Read Midnight Snack and Other Fairy Tales Page 9


  That particular January afternoon, Bellow was sleeping, since Anton was behind the marble bar polishing the glasses, and I was sitting down in one of the comfy chairs near the archway by the windows that look down on the river and the Middle Bridge. Peter was across the river in Kleinbasel, “Little Basel”, at the Fischerstube pub-and-microbrewery, passing judgment on their weissbier, a beer brewed from wheat rather than barley. I was scribbling in my Filofax, crossing things off a slightly tattered to-do list—we don’t get to Basel as often as I wish we did—and going through the Basler Zeitung making notes on places to hit the next time. Every now and then I would glance up and out the window, checking the Mittlerebrücketo see if Peter might be coming along. I doubted I would see him for a while yet: P. believes in giving any new beer a fair trial, which tends to involve extended and careful deliberation, usually a couple of liters’ worth.

  After a while I finished with the Zeitung and looked up, and saw something on the Bridge: what seemed like a small crowd forming, on either side of the northbound lanes. There were what seemed to be people jumping around in the middle of the road—an odder sight than usual, when you’re in Switzerland, a country where even slightly chaotic behavior is something you don’t usually see except at Fasnacht, or just after the national football team has made it into the World Cup. The people jumping around were only a few, and they were oddly dressed—one mostly in green, it looked like: one in yellow and red: a third in red and orange, with some kind of large false head on. In fact, they all had false heads.
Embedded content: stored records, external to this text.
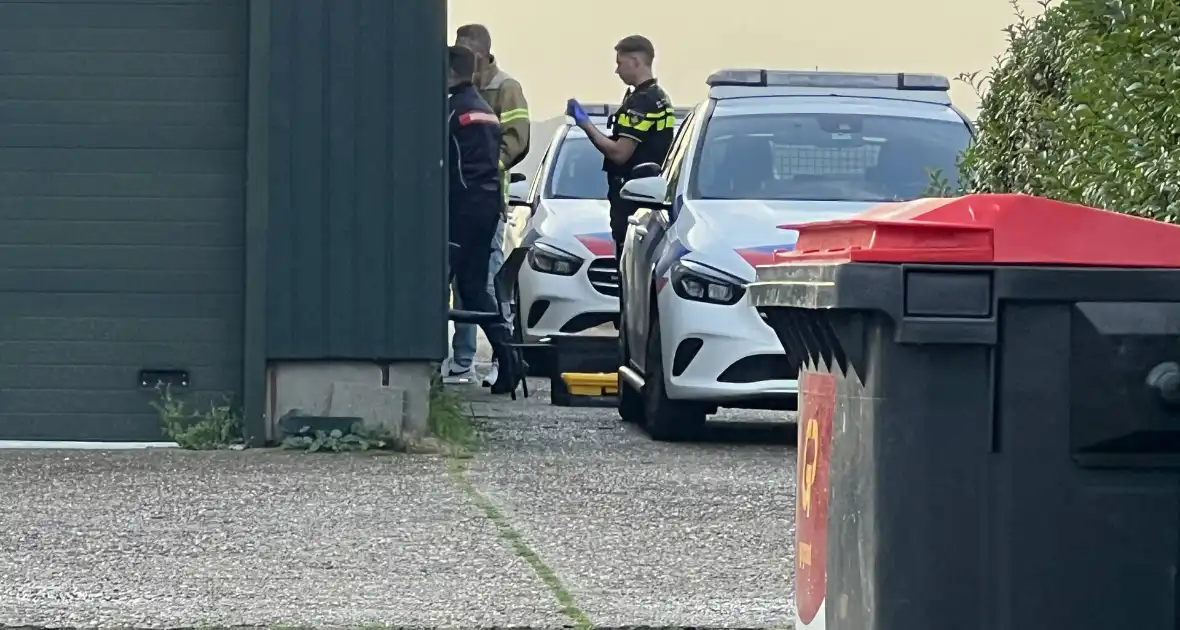 Chemicaliën voor drugs aangetroffen in garagebox - Foto 4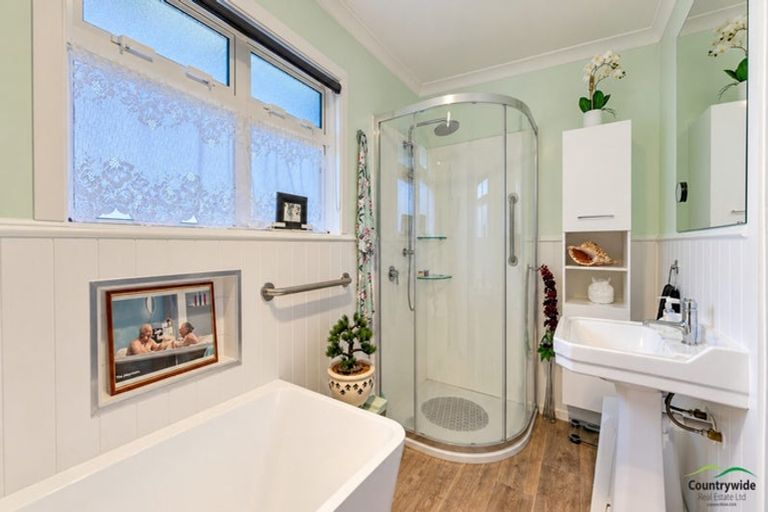 Photo of property in 4 Churchill Street, Putaruru, 3411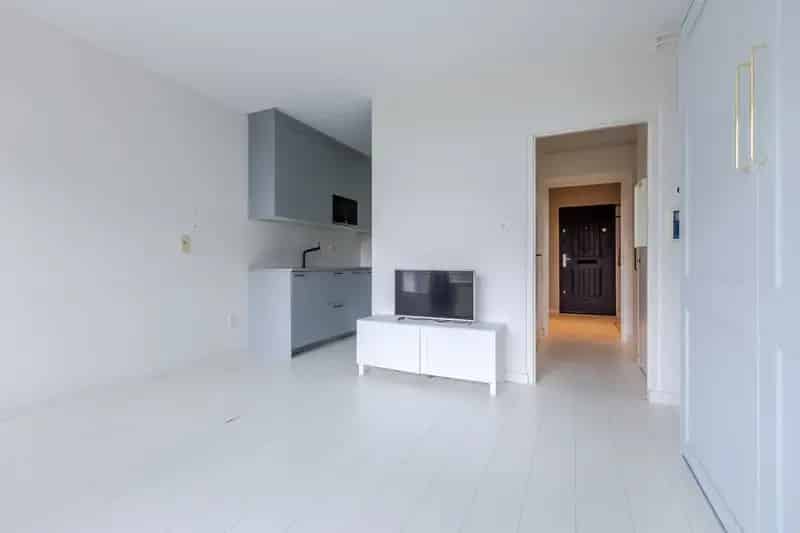 Amsterdam Appartement te koop: Instapklaar 1-kamer appartement met balkon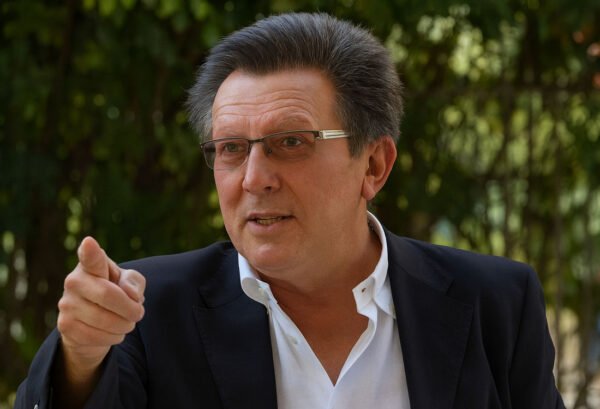 Camillo Oddo in un ritratto all’aperto, con giacca scura e camicia bianca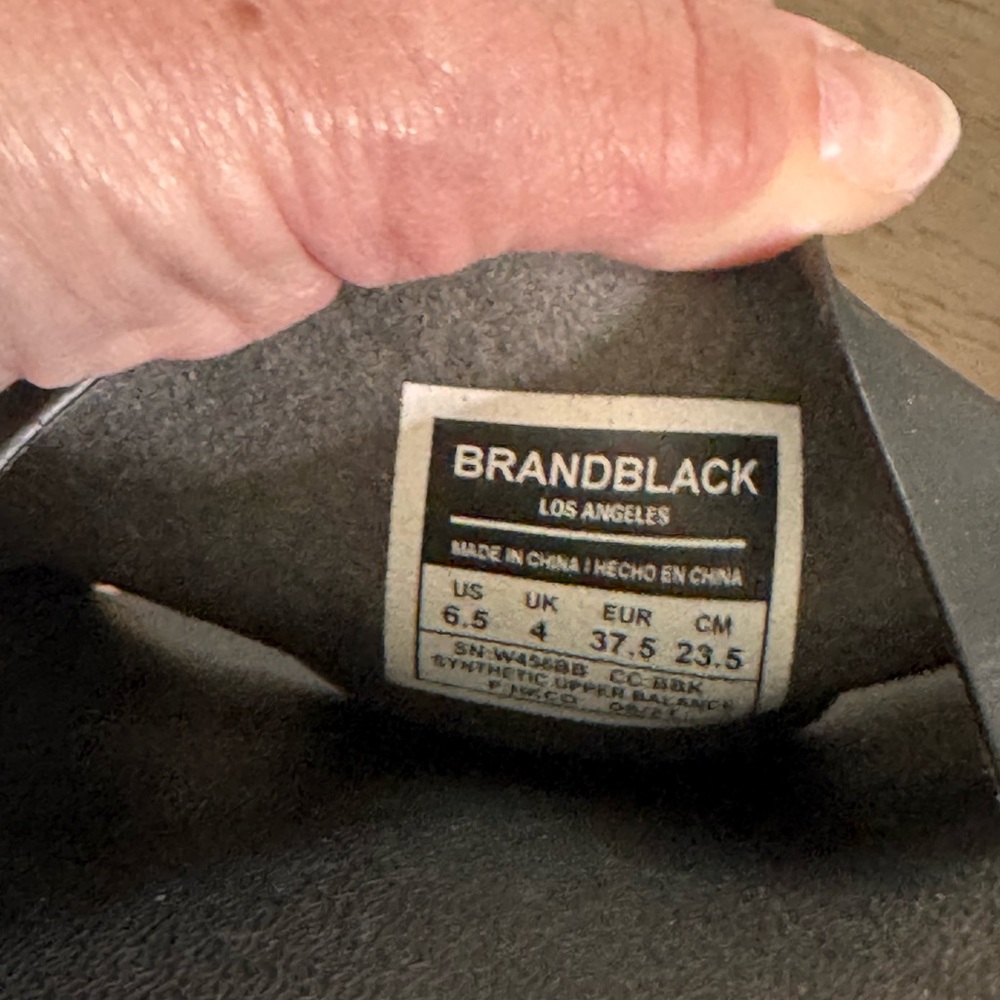 BRANDBLACK
Kashiba Lux Slides size 6.5 - Picture 6 of 6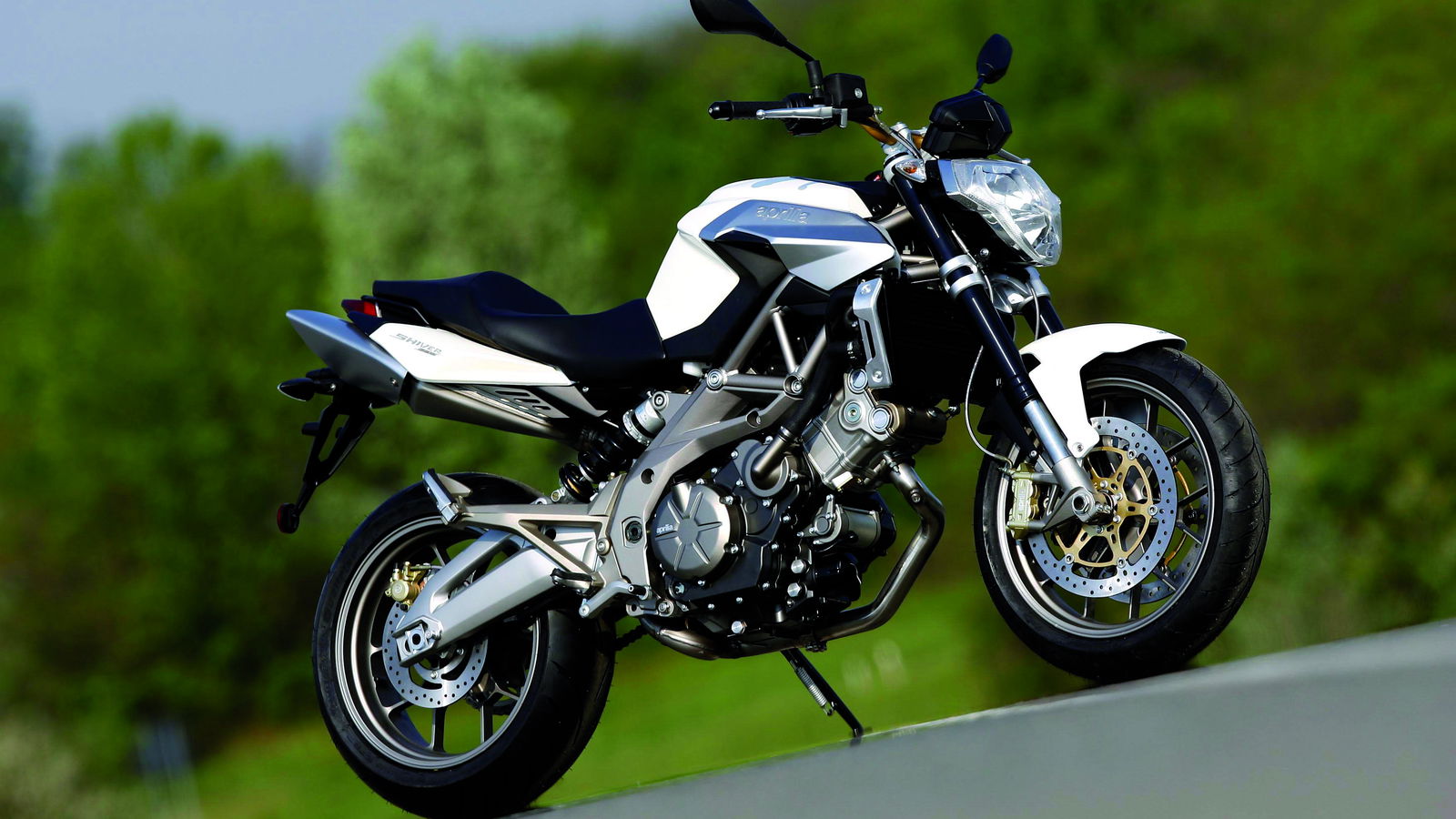 First Ride: 2007 Aprilia Shiver SL750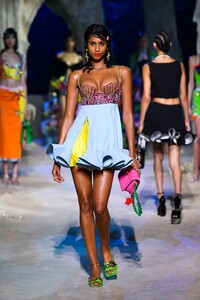 00075-Versace-RTW-SS21.jpg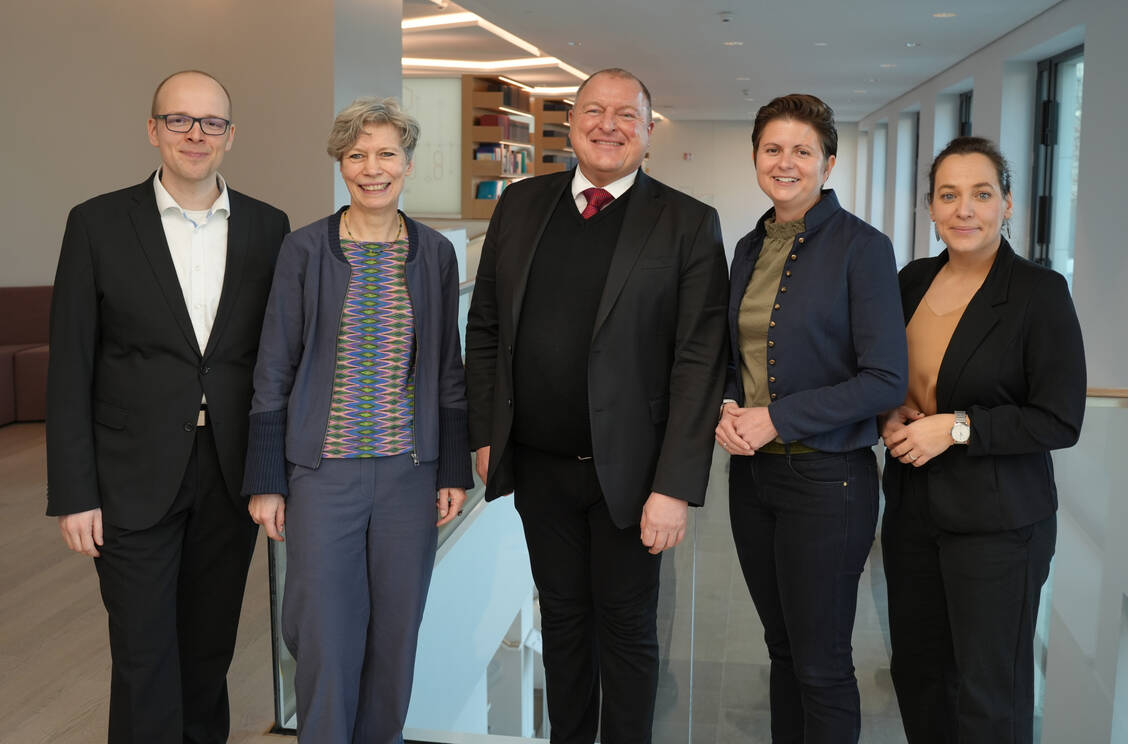Diese fünf stehen  ab 2025 an der Spitze der BAK: Hannes Müller, Maike Fedders, Präsident Armin Hoffmann, Vize  Franziska Scharpf und Ina Lucas (v.l.n.r.) / © ABDA/Klemm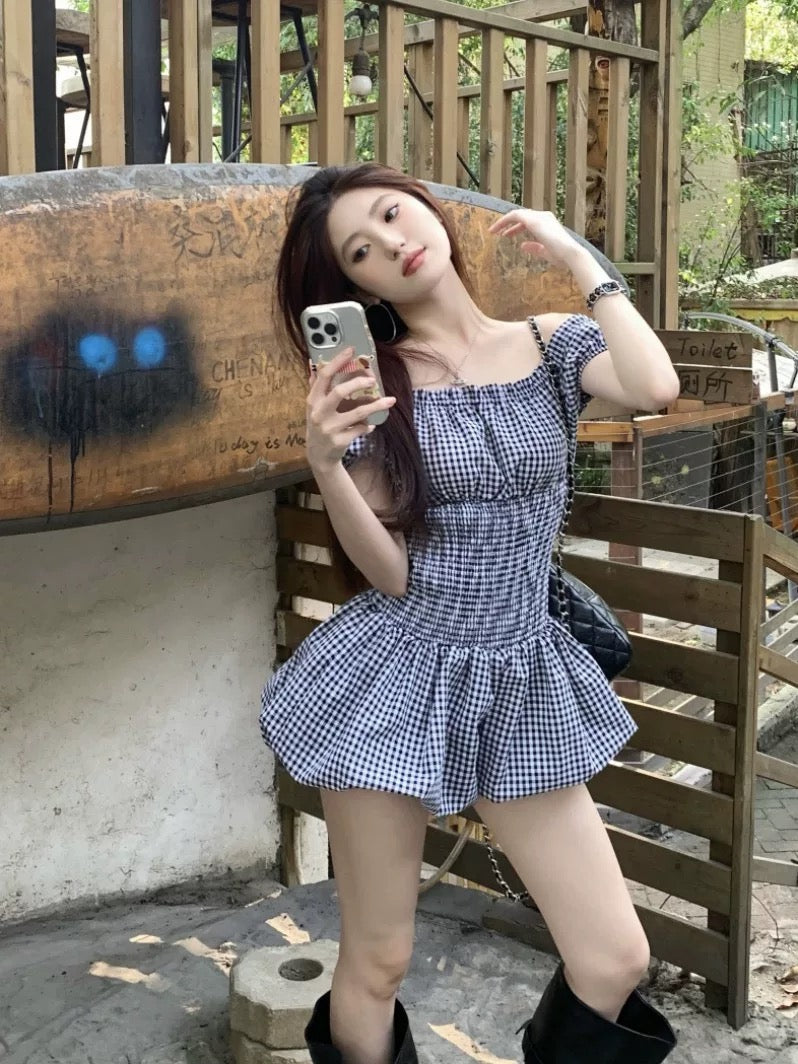 French retro short-sleeved one-shoulder plaid dress for women in summer with slim waist A-line skirt for petite short skirt
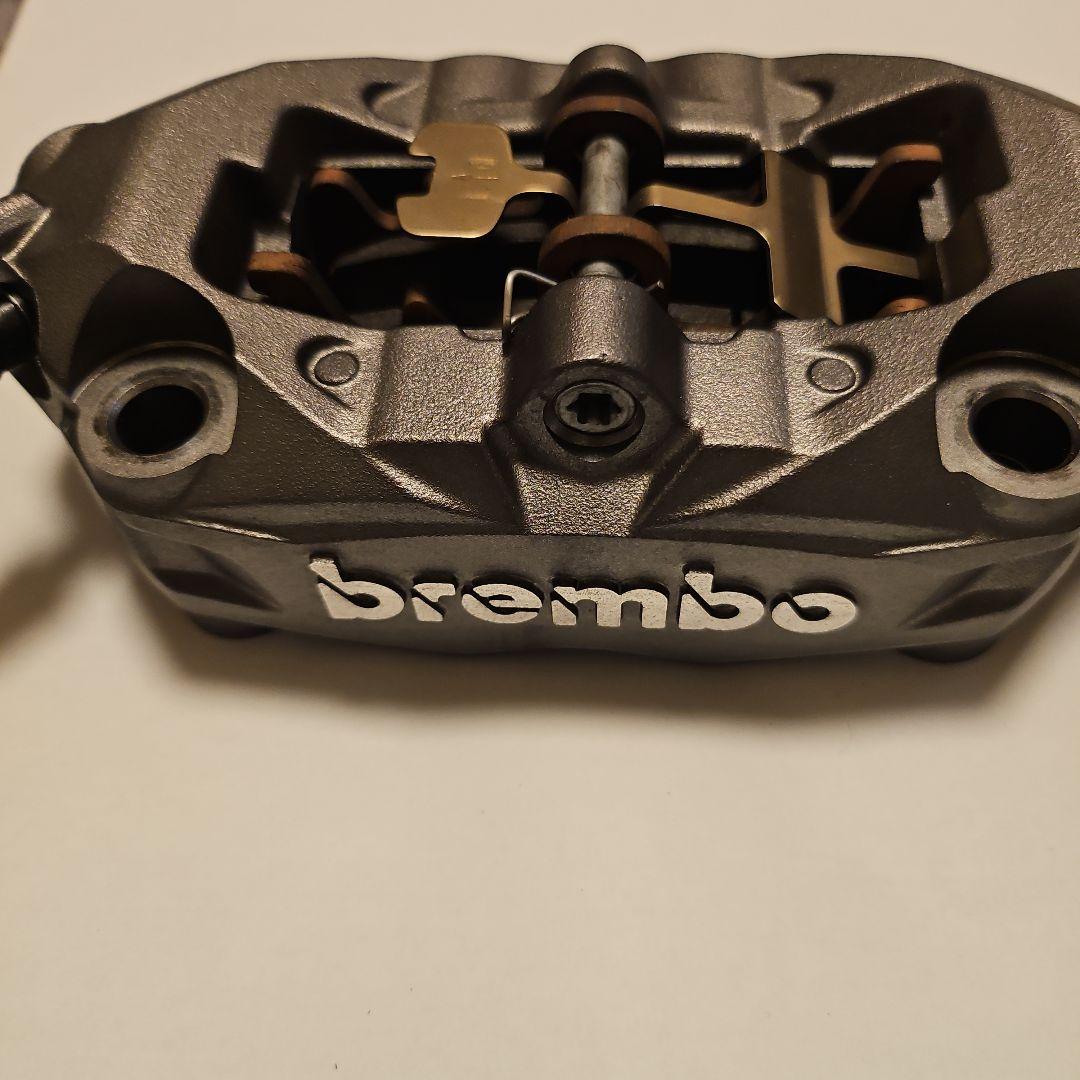 brembo ブレーキキャリパー 2個セット グレー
  “What’s that?” I said to Anton.

  He came down to the end of the bar, poured the last two decis of wine from the little pitcher into my glass, and only then looked out toward the window. “Oh,” he said, and smiled a little. “The Vogel Greif.”

  “Wie bitte?”

  “What’s today? The twenty-fourth? They’ll do it once more this month, and once the first week in February.”

  “Is it something to do with Fasnacht?” For Fasnacht is one of the city’s great fames, the maddest Lenten-time carnival in Switzerland, the oldest, possibly the most dangerous. Certainly nowhere else in the country had I ever had the feeling, as on four of a freezing February morning last year, that I had accidentally fallen into part of my stock in trade, a genuine timewarp, and had come out the other side into a black night of some medieval year, where the hammering of drums in the total darkness and the shriek of all the city’s massed fifes warned with desperate 4/4 gravity of the enemy outside the gates.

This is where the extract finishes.